しかし、お金は目的ではなく手段なので、より上位の欲求を目指すために順番を守って、相互的に利用し合う良い関係を築こうというルールを作りました。(必死の弁解)
(あえて「利用し合う」と書いており、ここについても奥が深いので別の記事に…)
組織に浸透しているかはさておき、核となる「共通の価値観やルール」ができあがりました。
あとはこれを制度として落とし込んで、組織文化として醸造していきます。
まず変えたのは採用方式
まず最初に採用の方法を大きく変えました。
具体的には「人に役割を与える」のではなく「役割に人を割り当てる」方式にしたことです。
外資系のジョブ・ディスクリプションです。
「何を当たり前のことを」と思われるかも知れませんが、この方式だと頭数が必要になるので創業直後ではなかなか選択できない方式です。
1人1役割だと人数が増える、1人複数役割だとそんなスーパーマンは市場になかなかいない、と絶妙なバランスです。
少なくともオファーを出すときには「業務内容と責務」「権利」「報酬」を明文化して、期待値の擦り合わせを行いました。
そして始まる組織化
「役員」と「メンバー」の2階層から
「役員」「チームリーダー」「メンバー」の3階層にして
レポートラインをハッキリさせました。
ハッキリとは、直属の上司・直属の部下以外のコミュニケーションを断つことです。
部下は直属の上司にしか聞けないし、上司は直属の部下にしか指示ができないようにしました。
そんなことをしたらサイロ化が進むのではないか?という懸念がありましたが、組織を作る上では「縦割り」と「横割り」はずっと繰り返すしかないと結論づけています。
「縦割りすぎるなー」と思ったら横割り施策を実施し
「レポートラインが崩れてきたなー」と思ったら縦割り施策を実施するといった具合です。
4期目の今では「役員」「マネージャー」「チームリーダー」「メンバー」の4階層となり、もうすぐ「役員」「マネージャー」「セクションリーダー」「チームリーダー」「メンバー」の5階層になりそうな雰囲気があります。
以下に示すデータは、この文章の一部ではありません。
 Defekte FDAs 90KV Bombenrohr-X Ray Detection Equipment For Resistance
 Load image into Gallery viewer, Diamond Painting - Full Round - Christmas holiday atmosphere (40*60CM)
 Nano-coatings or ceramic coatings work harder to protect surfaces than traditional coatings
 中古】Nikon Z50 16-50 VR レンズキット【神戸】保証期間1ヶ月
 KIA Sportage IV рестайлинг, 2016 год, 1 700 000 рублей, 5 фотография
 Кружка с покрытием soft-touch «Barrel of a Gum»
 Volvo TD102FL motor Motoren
レポートラインがしっかりしてきたので「組織横断機能」として経営戦略部の立ち上げを行いました。
これでレポートラインが崩れてきたら、また縦割り施策を行います。
業務整理としてのサービス化
アンドゲートではプロジェクト推進サービス「ダンドル」を提供しています。
![画像2](https://assets.st-note.com/production/uploads/images/54777855/picture_pc_6438f0bb0d2ab91233d152c561e0875d.png)
実はこのサービス、最初は市場向けではなくメンバー向けの業務整理の一環として作られました。
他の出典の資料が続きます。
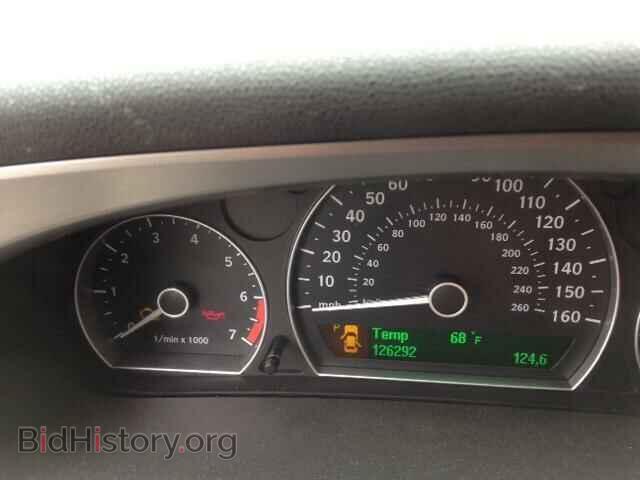 2008 SAAB 9 5 - VIN: YS3EH49GX83500658 - Фото 8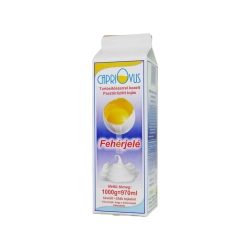 Capriovus tojásfehérje lé 1kg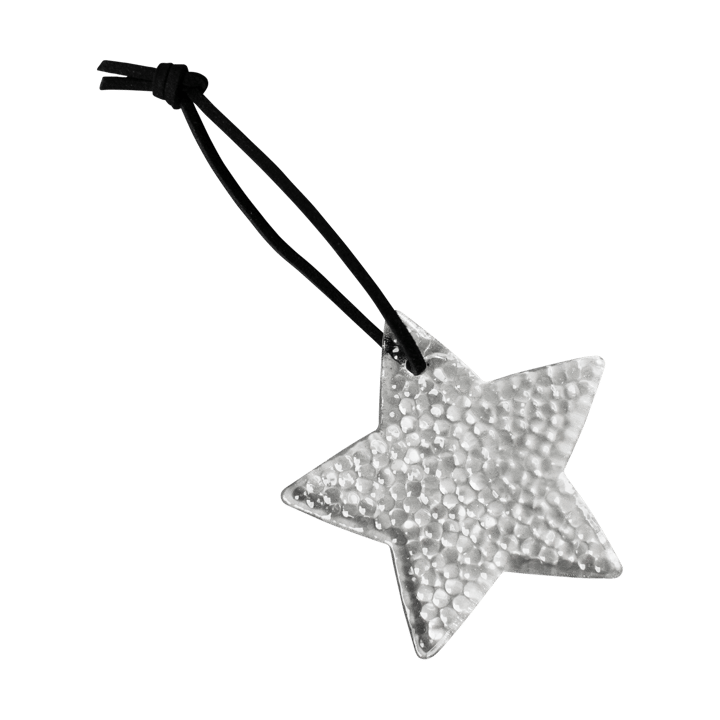 Airy hanging star decoratiehanger - Clear - DBKD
上記の「こんな仕事までやらなきゃいけないんですか?」に対するアンサーです。
やること・やらないことが曖昧だからこそ、メンバーに迷いが出るのだと考えました。
そんな状態では顧客からしても期待値が合わず発注しにくい、発注したとしてもトラブルの原因になると考え、やること・やらないことを書き出して「ダンドル」という名前をつけました。
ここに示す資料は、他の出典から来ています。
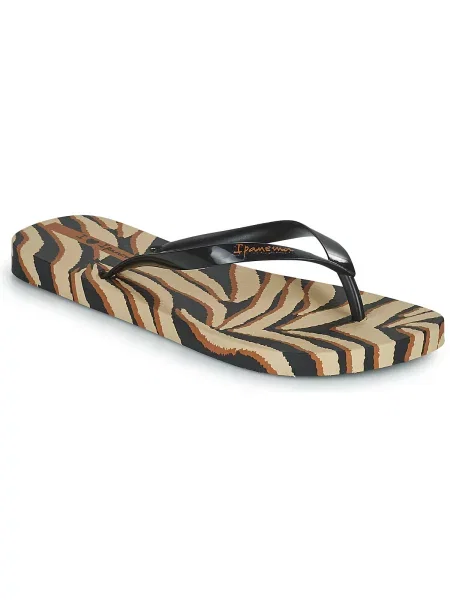 Pantofi Ipanema cu imagine bej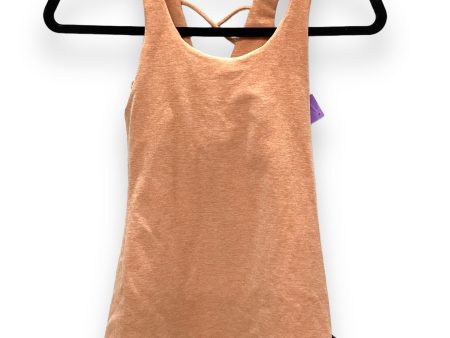 Athletic Tank Top By Beyond Yoga  Size: Xs Discount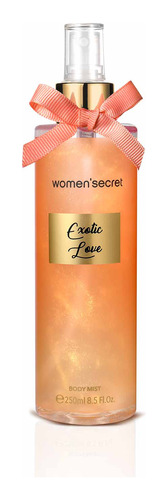 Perfume Importado Mujer Women Secret Body Mist Exotic Love 2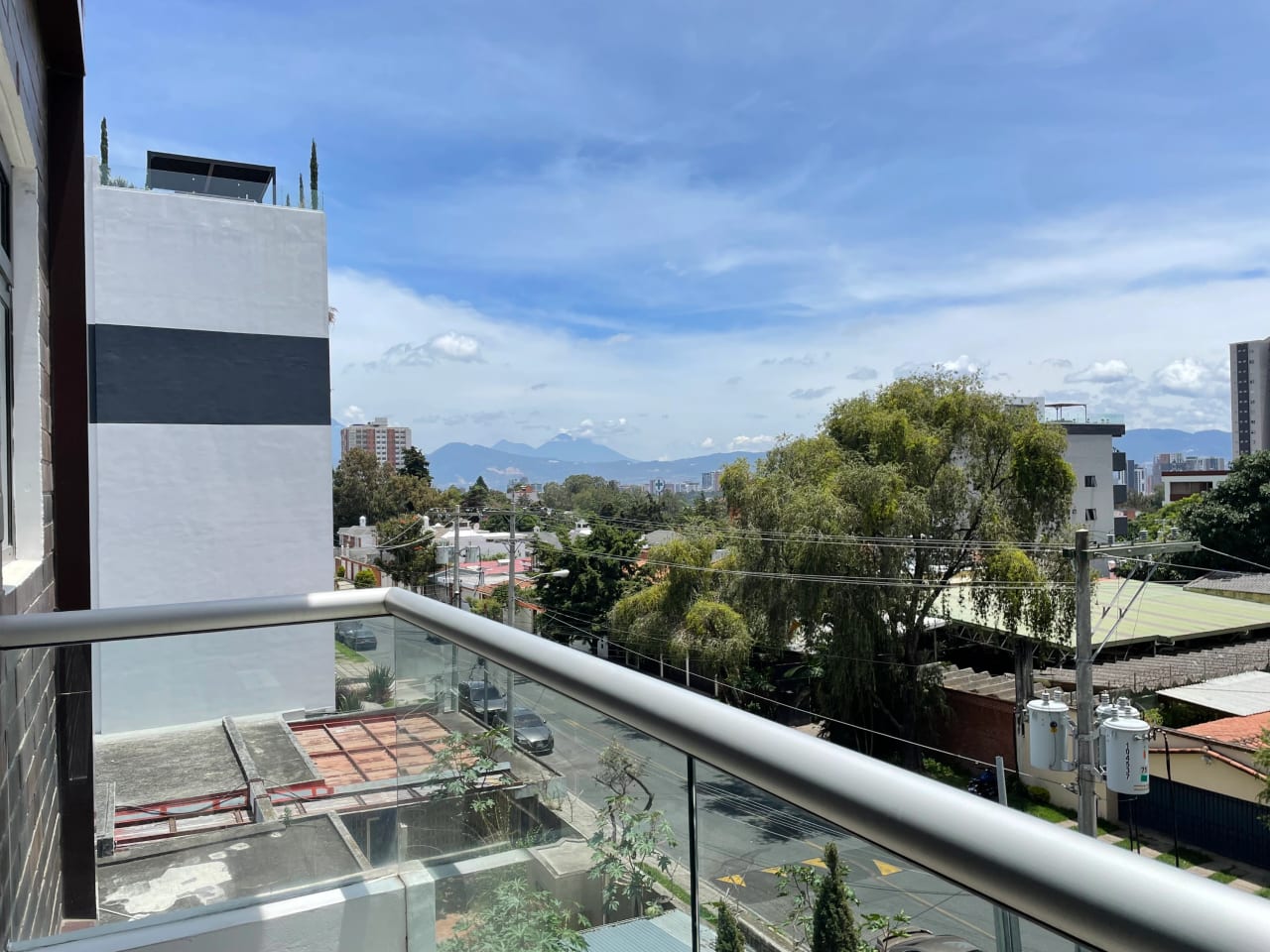 Apartamento de 2 Habitaciones en zona 15 Vista Hermosa 2 — Apartamento en Alquiler en Vista Hermosa II, Zona 15, Guatemala, Ciudad — foto 5 de 14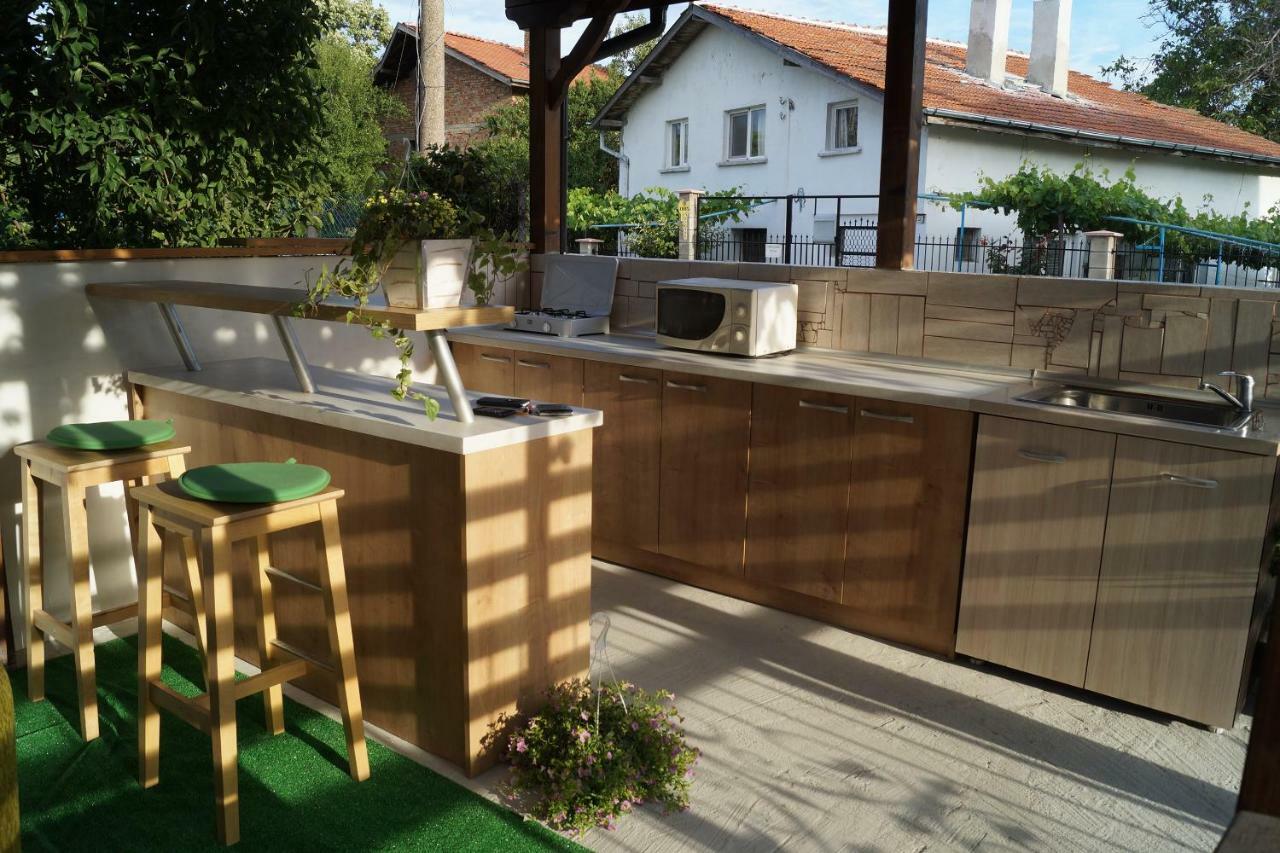 Guest House Di Mare 奥布佐尔 外观 照片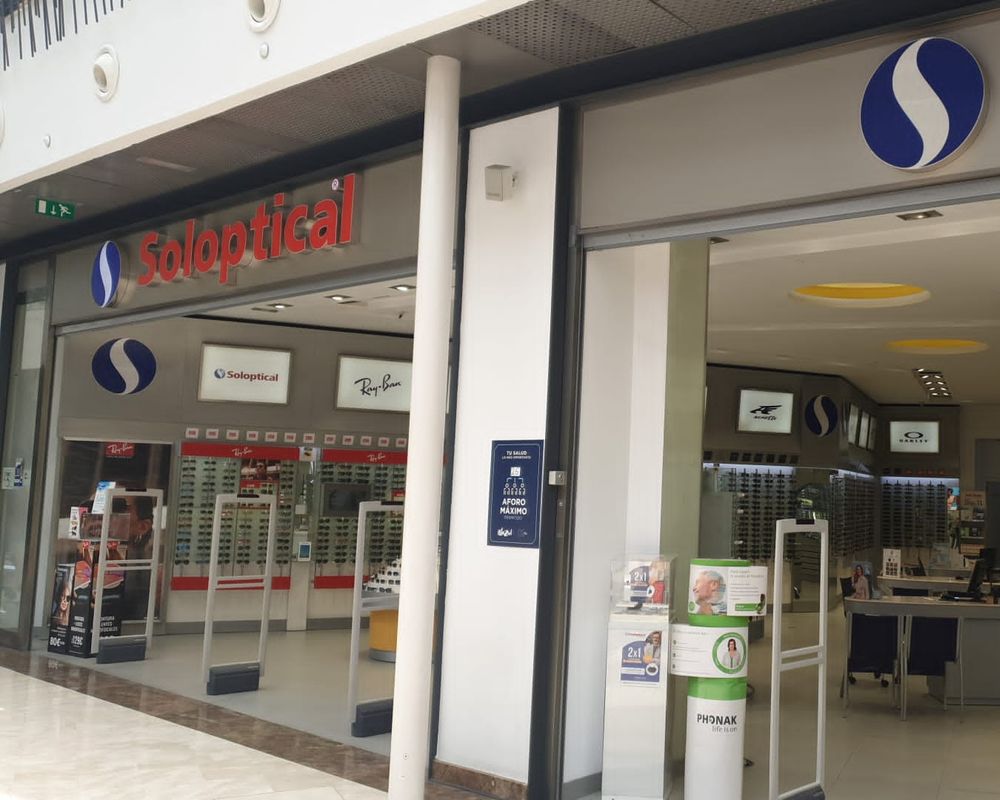 Centro auditivo Soloptical Islazul en Madrid
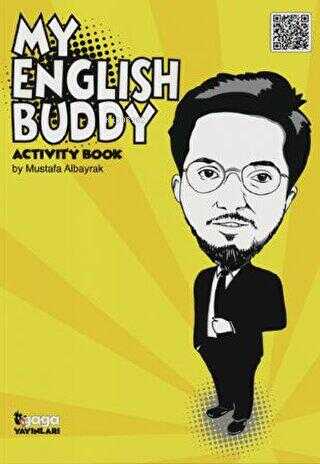 My English Buddy - Alıştırma Kitabı | Mustafa Albayrak | Gaga Yayınlar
その結果、顧客からの期待値が擦り合うようになり、メンバーからしても「範囲外の仕事」を断りやすくなりました。
業務が洗い出され役割が明確になったため、必要なスキルセットも特定でき、採用の効率が上がりました。
一時は組織が崩壊しましたが、そのおかげで「組織化」と「サービス化」
そして何より「多様性」の定義ができたことが一番の収穫でした。
事業運営・組織作りで同じ苦痛を味わう人が一人でも減りますように。